FUNCTIONS. Domain, range, function; gtsph of a function; vertical translation, exponential, logarithm of a function known to the graph. upper and lower extremities, maximum and minimum of a subset of R and of a function. Open and closed sets, intersections, accumulation points and isolated points, definitions, and examples. Limit definition. Limit operations, polynomial limits, and polynomial quotients. Limit uniqueness theorem; Sign permanence theorem, Comparison theorem. Significant limits. Continuous functions. Singular points; Continuous function theorems: Weierstrass theorem, intermediate values, and zeros. Asymptotes.

DIFFERENTIAL CALCULUS: Derivative of a function:definition, geometric meaning. Sum, product, quotient, Derivative functions continuity theorem; cuspidities, angular points, vertical tangent inflection. Derivative techniques applied to the main functions. Equation of the tangent line at a point on the graph. Derivative of a composite function and inverse function. Stationary points. Fermat theorem. Rolle theorem and Lagrange theorem . Monotony and sign of the derivative. Second Derivative,convexity, concavity, inflections . Function Studio. Cauchy and De l'Hopital theorems.

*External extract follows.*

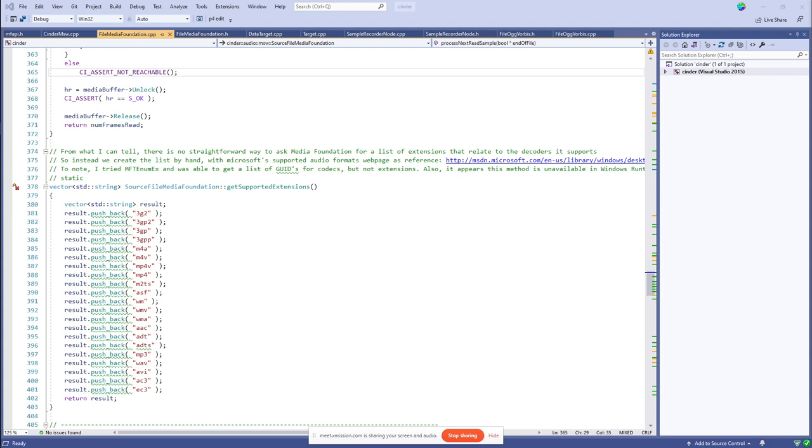Anyway, you can hear me now. Let me start over on the code.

INTEGRATION : the primitive of a function, the indefinite integration; integration by parts and replacement. Integration of rational functions. The problem of calculating the areas ; The media theorem. The fundamental theorem of integral calculus, defined integrals.

The exam consists of a written test where will be formulated theoretical questions and required application exercises.

If written test will get a rating grater than or equal to 16/30, it may be supplemented by an oral examination in the same session.

Oral examination could raise the rating upto five points.

For students attending the course it is planned to take the exam in three partial tests on the topics gradually developed

Robert A. Adams Calcolo Differenziale I, ed. CEA (Casa EditriceAmbrosiana) http://www.cds.caltech.edu/~marsden/volume/Calculus/

https://www.math.uh.edu/~dlabate/settheory_Ashlock.pdf

Bramanti, Pagani, Salsa “Analisi Matematica 1. Con elementi di geometria e algebra lineare”, Zanichelli

Giovanni Naldi, Lorenzo Pareschi, Giacomo Aletti “Calcolo differenziale e algebra lineare”, Mc Graw-Hill

Gli studenti che hanno frequentato negli anni passati il corso facciano tranquillamente riferimento ai testi in loro possesso.